* WHAT YOU ARE ASKED TO DO *
Produce a verbatim copy of the data below that contains no pictures.

** DATA LISTING follows **

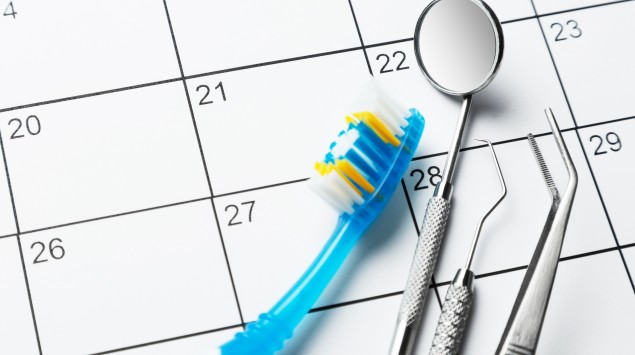 Zahnarzttermin: Man sieht eine Zahnbürste, einen Dentalsspiegel und andere Zahnarzt-Geräte auf einem Kalenderblatt.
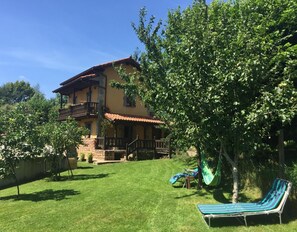 Uma casa de dois andares com varanda, gramado e rede.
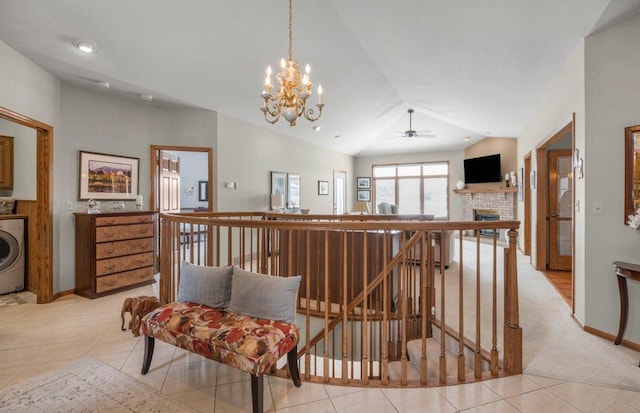 hallway with light tile patterned floors, washer / dryer, vaulted ceiling, and a notable chandelier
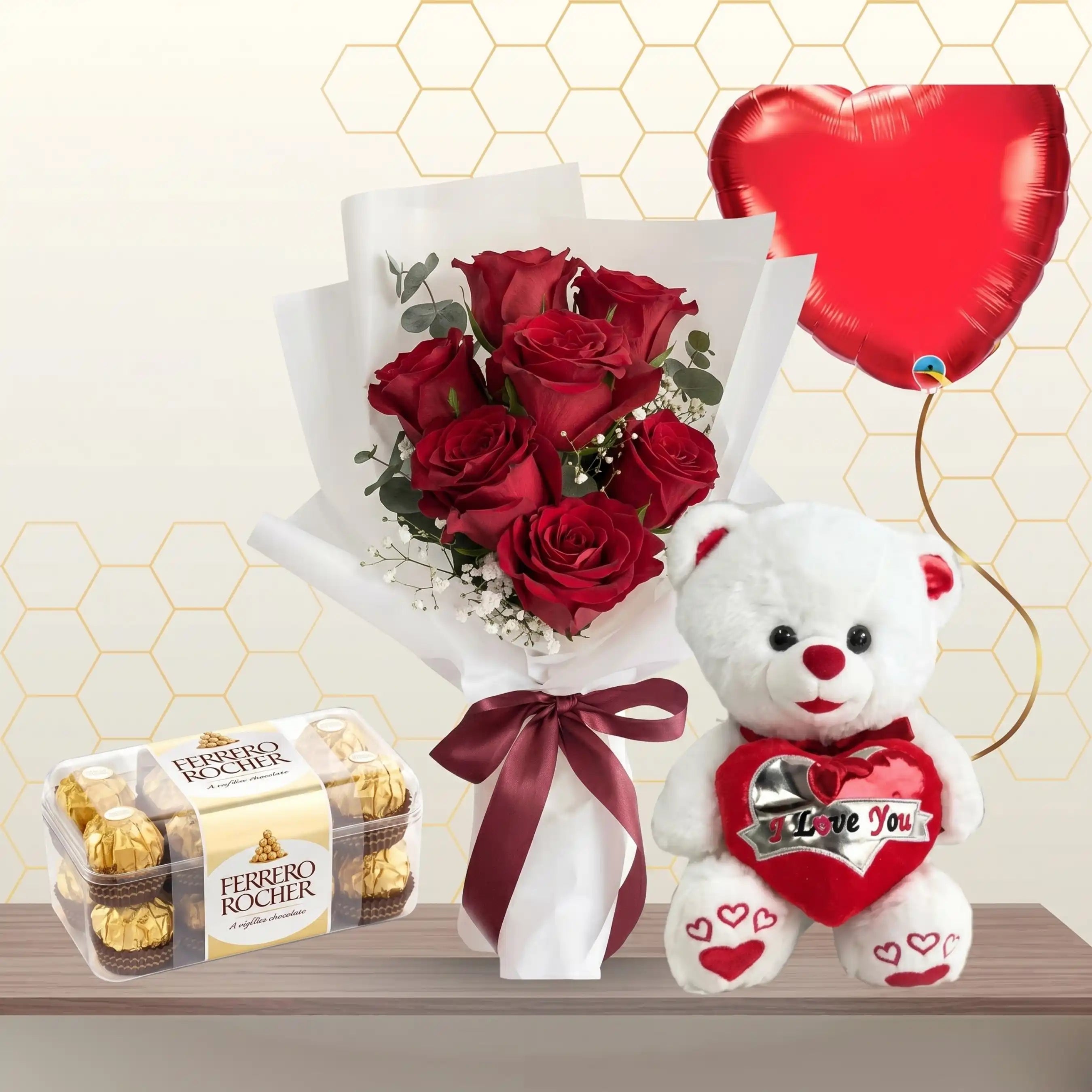 Small bouquet of three red roses in white wrapping, next to a white teddy bear, a box of chocolates, and a red heart balloon.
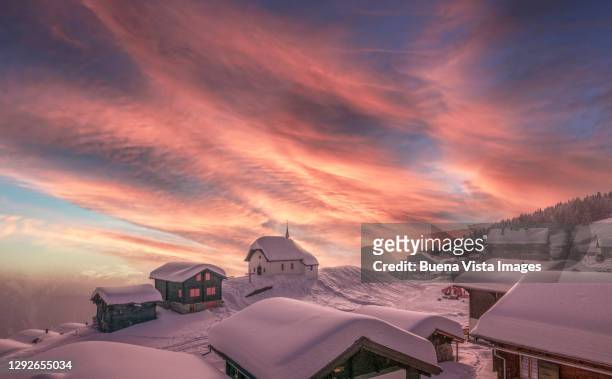 snow covered alpine village - schweiz stadt stock-fotos und bilder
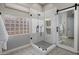 Modern main bathroom features a glass-enclosed shower, stylish tile work, and contemporary fixtures at 22036 N 44Th Pl, Phoenix, AZ 85050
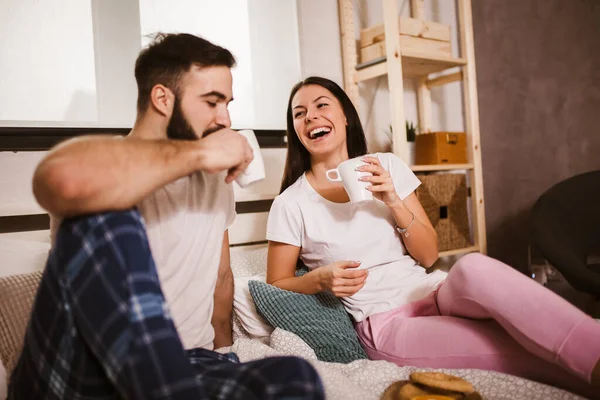 若いですカップルでベッドでコーヒーを飲み お互いを見て — ストック写真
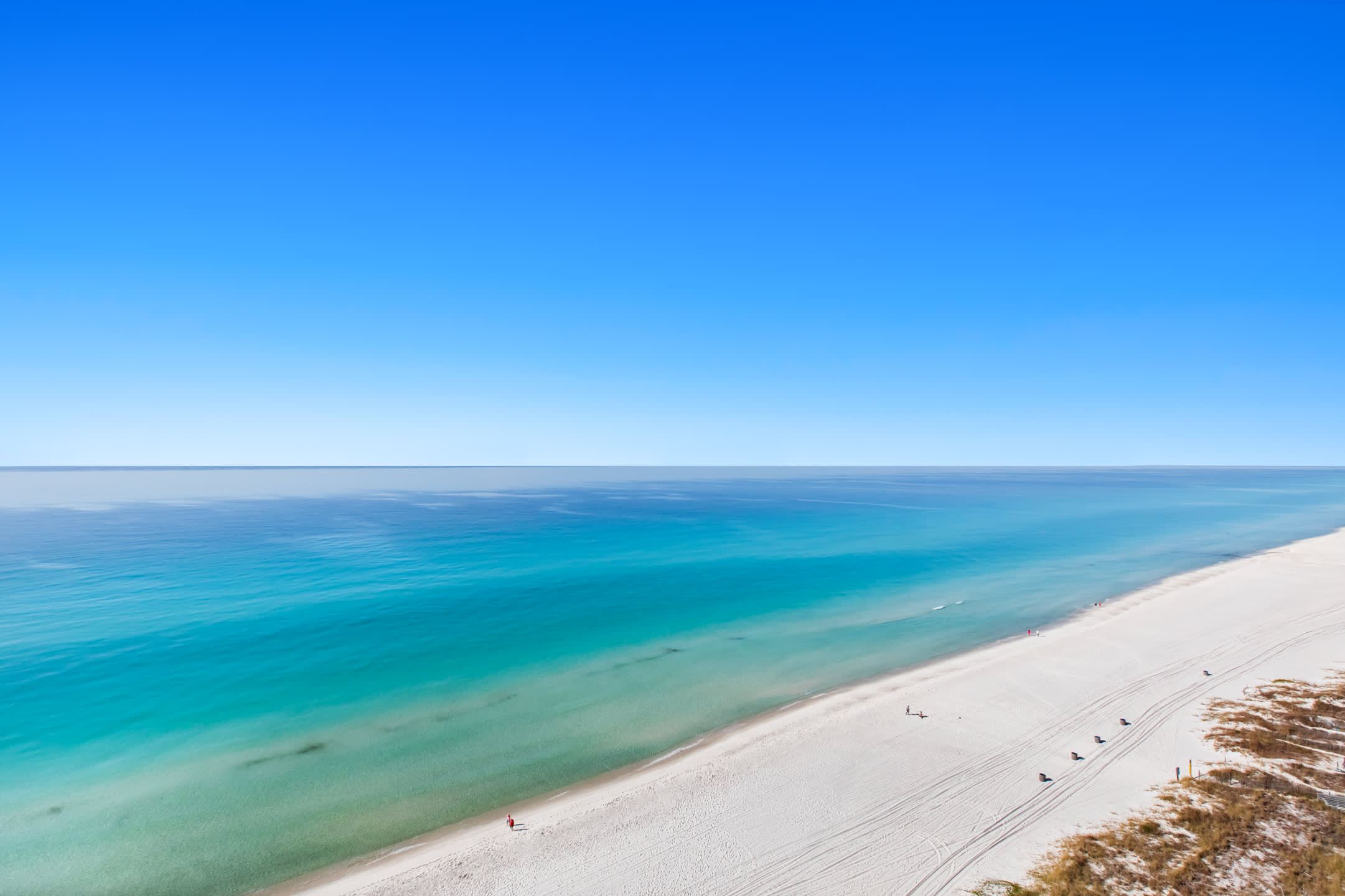 An elevated view reveals a long stretch of white sandy beach bordered by the clear, shallow turquoise waters of the ocean, transitioning to deeper blue. Sparse coastal vegetation and dunes line the right side, with a few people enjoying the sunny shoreline.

** End of DATA LISTING **

* ANSWER *
 Zahnarzttermin: Man sieht eine Zahnbürste, einen Dentalsspiegel und andere Zahnarzt-Geräte auf einem Kalenderblatt.
 Uma casa de dois andares com varanda, gramado e rede.
 hallway with light tile patterned floors, washer / dryer, vaulted ceiling, and a notable chandelier
 Small bouquet of three red roses in white wrapping, next to a white teddy bear, a box of chocolates, and a red heart balloon.
 snow covered alpine village - schweiz stadt stock-fotos und bilder
 Modern main bathroom features a glass-enclosed shower, stylish tile work, and contemporary fixtures at 22036 N 44Th Pl, Phoenix, AZ 85050
 若いですカップルでベッドでコーヒーを飲み お互いを見て — ストック写真
 An elevated view reveals a long stretch of white sandy beach bordered by the clear, shallow turquoise waters of the ocean, transitioning to deeper blue. Sparse coastal vegetation and dunes line the right side, with a few people enjoying the sunny shoreline.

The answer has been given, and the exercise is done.